U.S. Sen. Sheldon Whitehouse, a Rhode Island Democrat, pressed Oldham on a 2016 speech in which the nominee called administrative agencies like the Internal Revenue Service and the Environmental Protection Agency “fundamentally illegitimate” and “enraging.”

“The comments you’re quoting came from a speech I was making on behalf of the governor,” Oldham said. “He was my client, and I was advocating his position.”

“Come on. Don’t kid me. You used a word that was highly personal — you said it was ‘enraging,’” Whitehouse shot back. Then he posed his question again, pausing between each word: “Were you enraged?”

“I was frustrated — on behalf of my client — for a series of litigation matters,” Oldham acknowledged. A minute later he re-emphasized: “My perspective as an advocate has no bearing on my perspective as a jurist.”
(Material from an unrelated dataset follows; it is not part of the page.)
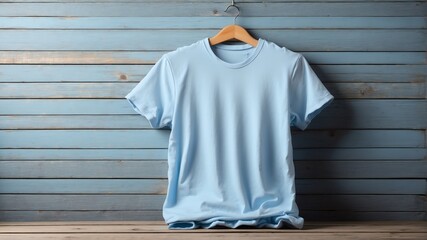 Wall Mural - plain light blue tshirt on old wooden wall background from Generative AI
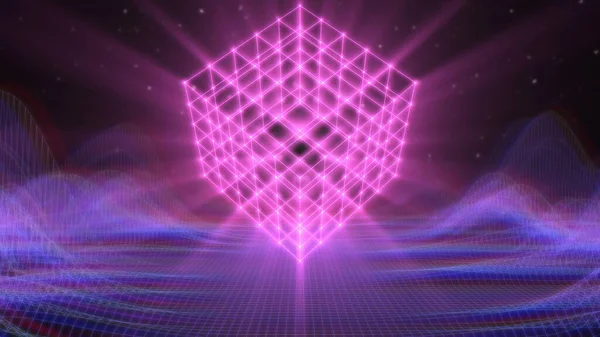Retro Synthwave 3D Laser Wireframe Cube, вращающийся над 80-й Neon Grid - абстрактная текстура фона — стоковое фото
Oldham is the Trump administration’s fifth nominee to what many consider the country’s most conservative appeals court, and if confirmed, he will be the third Texan to join the court under the administration. No other federal appeals court has had as many nominees, and no other state has had more appeals court nominees. On Tuesday, the Senate confirmed Kyle Duncan — who worked in the Texas Solicitor General’s Office — to a Louisiana seat on the 5th Circuit.